_Supplied entries_.

--- START ---

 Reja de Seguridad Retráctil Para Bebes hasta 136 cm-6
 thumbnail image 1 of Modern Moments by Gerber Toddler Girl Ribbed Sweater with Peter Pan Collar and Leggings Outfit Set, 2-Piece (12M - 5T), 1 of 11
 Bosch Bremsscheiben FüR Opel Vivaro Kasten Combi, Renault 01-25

--- END ---
--- START ---

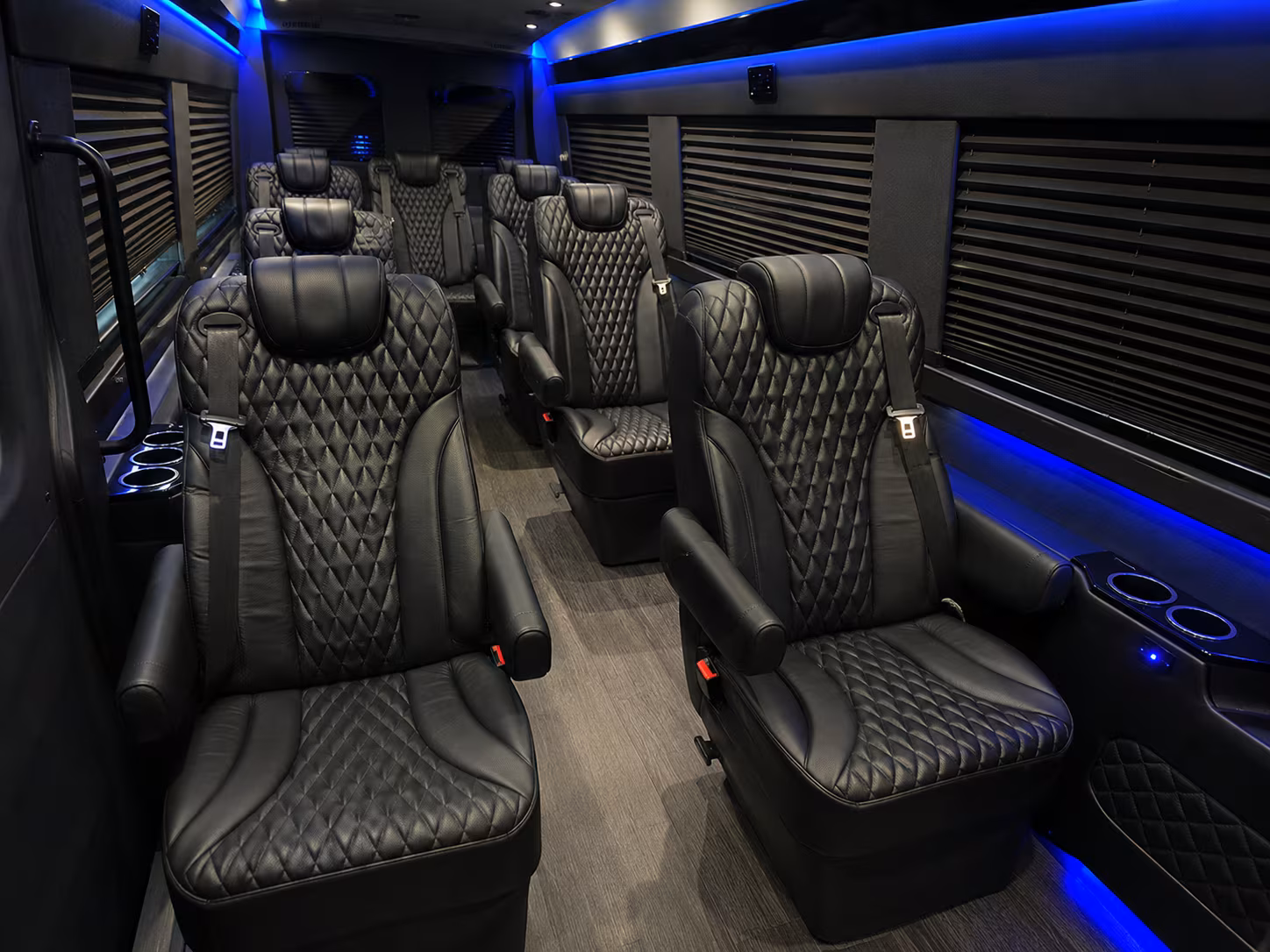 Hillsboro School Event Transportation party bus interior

--- END ---
--- START ---

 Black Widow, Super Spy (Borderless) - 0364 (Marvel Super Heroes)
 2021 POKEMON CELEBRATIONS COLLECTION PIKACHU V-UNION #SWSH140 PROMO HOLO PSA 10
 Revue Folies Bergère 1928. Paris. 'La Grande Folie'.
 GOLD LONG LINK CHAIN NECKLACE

--- END ---

_Exercise requirements_. Produce a word-for-word copy of everything above from the line holding "Reja de Seguridad" down to the line holding "Bosch Bremsscheiben FüR", with both of those lines kept.

_Exercise result_.
 Reja de Seguridad Retráctil Para Bebes hasta 136 cm-6
 thumbnail image 1 of Modern Moments by Gerber Toddler Girl Ribbed Sweater with Peter Pan Collar and Leggings Outfit Set, 2-Piece (12M - 5T), 1 of 11
 Bosch Bremsscheiben FüR Opel Vivaro Kasten Combi, Renault 01-25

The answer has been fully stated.